Finalmente el atasco no fue para tanto. Sólo perdí un cuarto de hora de mi miserable vida. Visto así no parecía tan malo. Todo es relativo cuando se compara con la inmensidad de una existencia. ¿Qué son quince minutos en una vida que bien podría durar setenta años, sesenta en el caso del orondo comercial/periodista fumador? Nada, apenas un instante fugaz. Yo me refugio en este argumento con frecuencia, aunque cada vez me reconforta menos, porque he perdido la cuenta de las horas que he dilapidado entregándome a la improductividad.

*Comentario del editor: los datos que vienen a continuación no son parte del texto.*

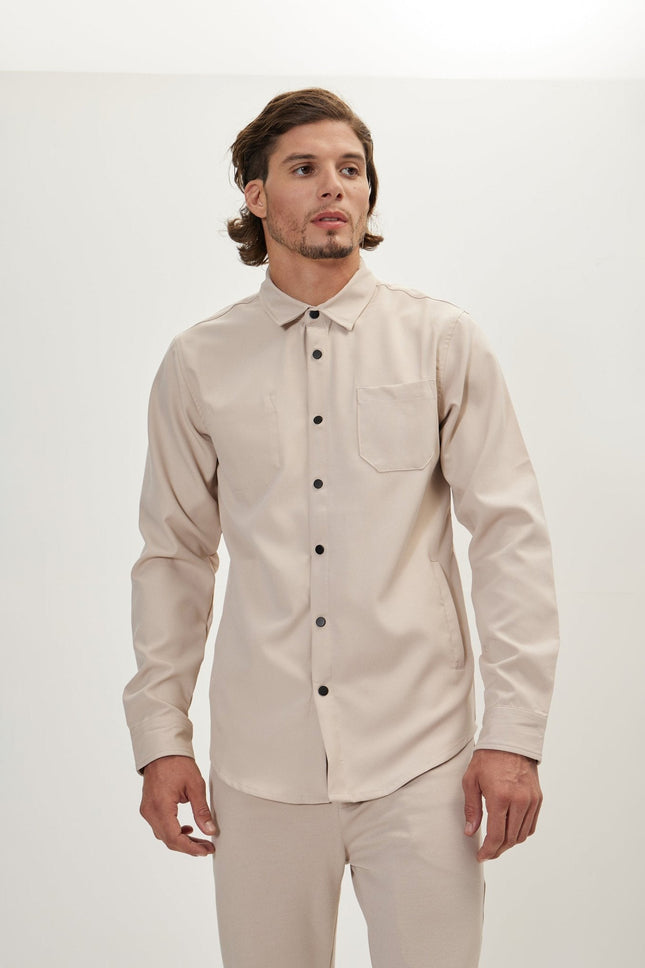 Men's Tonal Button Up Shirt - Stone | Ron Tomson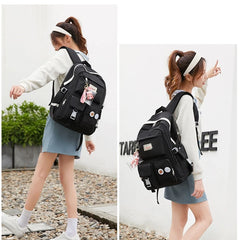 Nylon Backpack for Teen Girls Student School Bag Bookbag Travel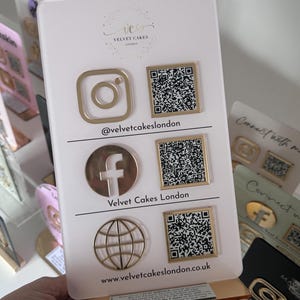 Drievoudig pictogram en QR-code Instagram Business Social Media-bord | Salonbord | Schoonheidsteken | Marketingbord met QR-code afbeelding 16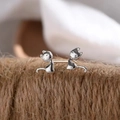 Minimalist 925 sterling silver cat stud earrings with brushed metallic finish - Cute Cat / Silver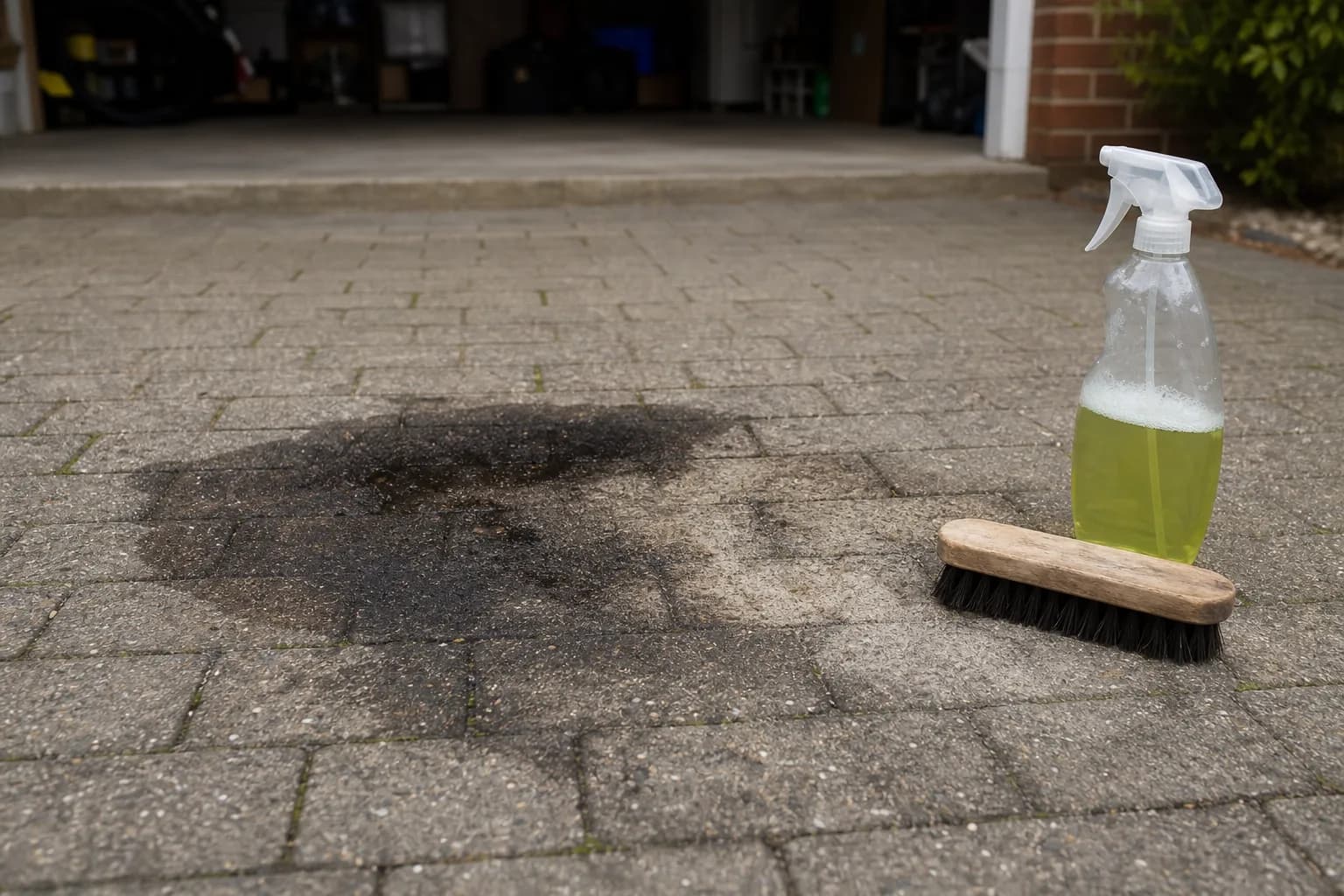 An oil stain on a concrete block driveway beside a degreaser bottle and stiff brush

Antes de arrancar el coche acerté a escuchar como el comercial/periodista que tenía al lado lograba pronunciar sin mucho énfasis, pero con un tono de total convencimiento, la sentencia “putos mineros, me han jodido la mañana”. Me sorprendí a mí mismo cuando pensé que aquel individuo tenía razón, la barricada había sido un ligero incordio. Cuánta razón tenía aquel hombre rechoncho que compartía desprecio por los piquetes con otros cientos de indignados conductores. Fugazmente me puse en la piel de todos ellos. Todos eran peones incapaces de luchar por su futuro o por su familia. Todos eran unos cobardes. Como yo.

Notas del autor (de bolanueve, vamos):
1-El color y la marca del coche del “comercial/periodista” han sido alterados.
2-En el futuro algunos (pocos, seguramente) leeréis un texto muy parecido pero mucho más largo, que es a lo que me he estado dedicando estos días que no he publicado nada en el blog. Si no os gusta este no os gustará el original.
3-Este relato está basado en hechos reales, pero no todo lo que cuento es rigurosamente cierto.